Kejadian yang sama juga berlaku sore hari, disaat jam pulang kantor. Hanya bedanya, orang-orang tampak lebih lusuh. Jakarta ini memang menjengkelkan. Banyak orang yang rela mengadu nasib di Jakarta demi sebuah peluang yang lebih baik, seperti aku. Tetapi, penghasilan di Jakarta juga nyatanya bersaing dengan biaya hidup. Biaya hidup ya, bukan gaya hidup. Ya, untuk biaya hidup di Jakarta itu besar. Apalagi jika ditambah dengan gaya hidup yang tinggi, tentu berkali-kali lipat besarnya.
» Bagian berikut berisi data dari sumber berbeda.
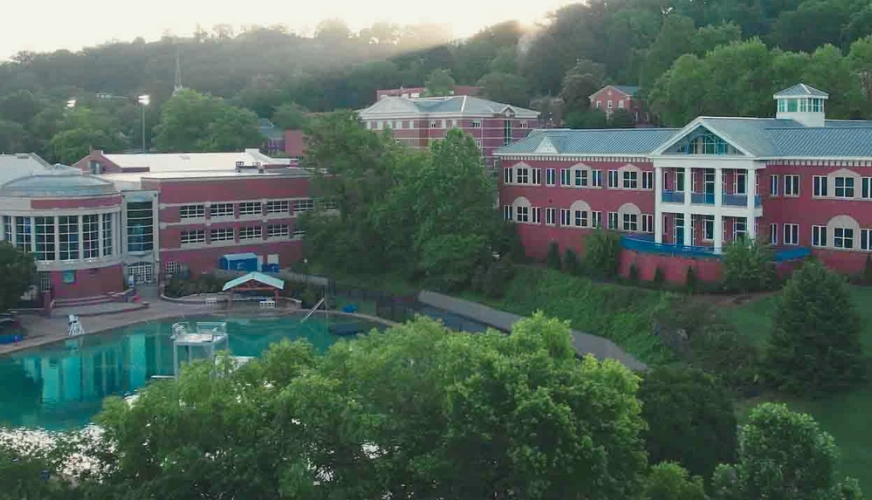 McCallie School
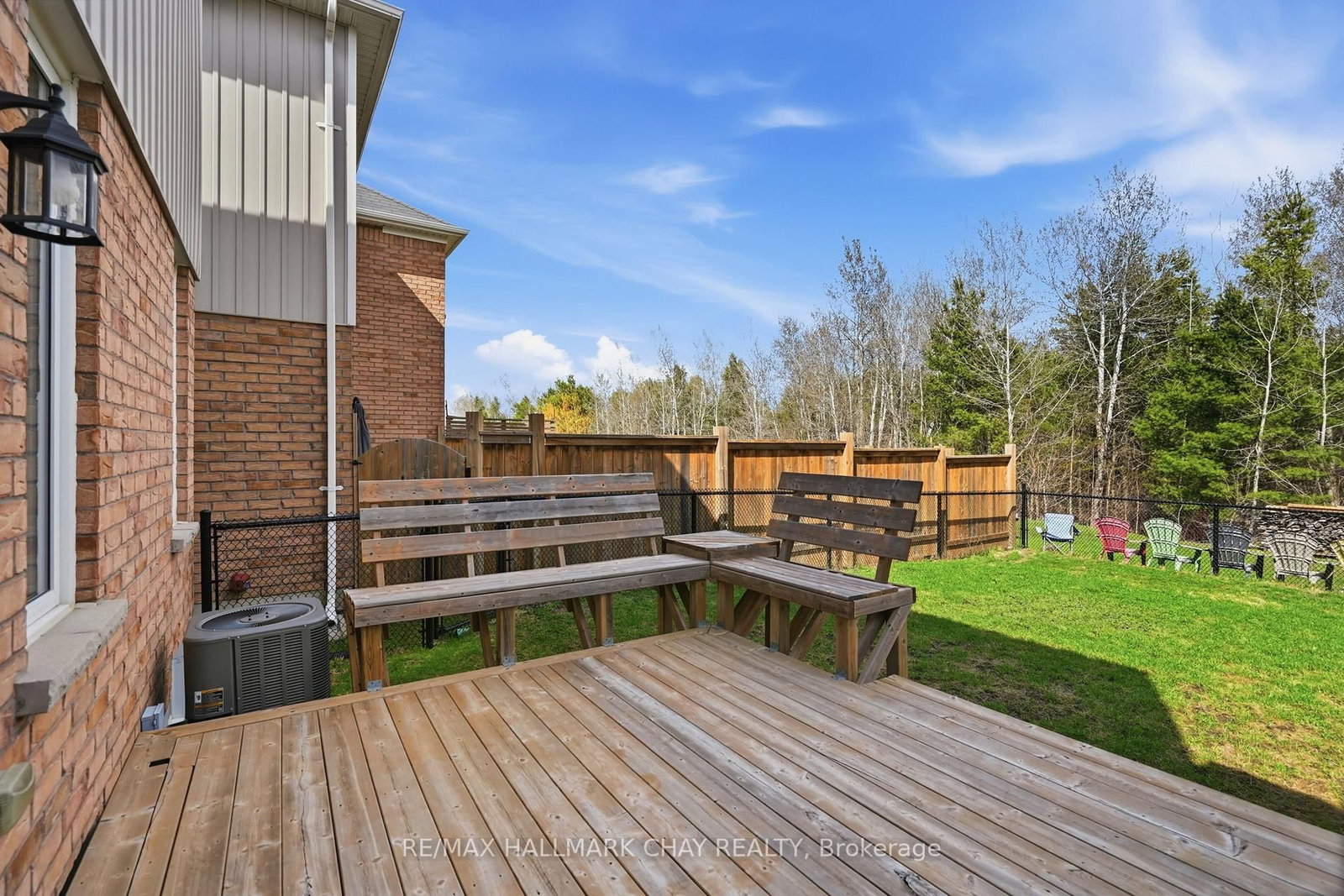 Townhouse for sale at 113 Collier Crescent, Essa, Ontario, L3W 0M9 - Angus - MLS: N13018804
Untuk ukuran pekerja biasa, harus hemat-hemat atau menambah penghasilan dari pekerjaan sampingan. Tapi sebenarnya, bisa saja mencari alternatif-alternatif untuk menekan pengeluaran. Bisa, tentu bisa.

Sebagai seseorang yang sedang mempertaruhkan nasib di Jakarta, tentu aku berusaha sebaik mungkin untuk menjaga kestabilan hidup. Sebenarnya, ada banyak hal yang ingin aku explore. Tapi, aku harus bisa membagi waktu dengan bijak antara pekerjaan utama, sampingan, keluarga, dan untuk diri sendiri. Dua minggu terakhir ini terasa lebih padat, hingga akhirnya tubuhku meronta menuntut haknya. Aku sedikit sakit, iya hanya sedikit tapi ternyata cukup mengangguku untuk menjalani jadwal yang telah ku susun rapi setiap harinya. Meski dalam kondisi yang tak baik, aku bersyukur masih bisa beraktifitas seperti biasa. Sebenarnya, aku telah mengizinkan tubuhku jika dia memilih sakit. Sungguh, kali ini aku tak mau menahan-nahan jika aku harus sakit. Tapi nyatanya, dia lebih kuat dari yang aku kira. Bahkan, sempat beberapa kali aku harus pulang larut malam dan ternyata aku masih bisa bertahan. Hal ini semata-mata karena Tuhan masih baik kepadaku. Aku sangat bersyukur. Tapi, aku tak bisa membohongi diriku bahwa aku ternyata juga butuh hibernasi.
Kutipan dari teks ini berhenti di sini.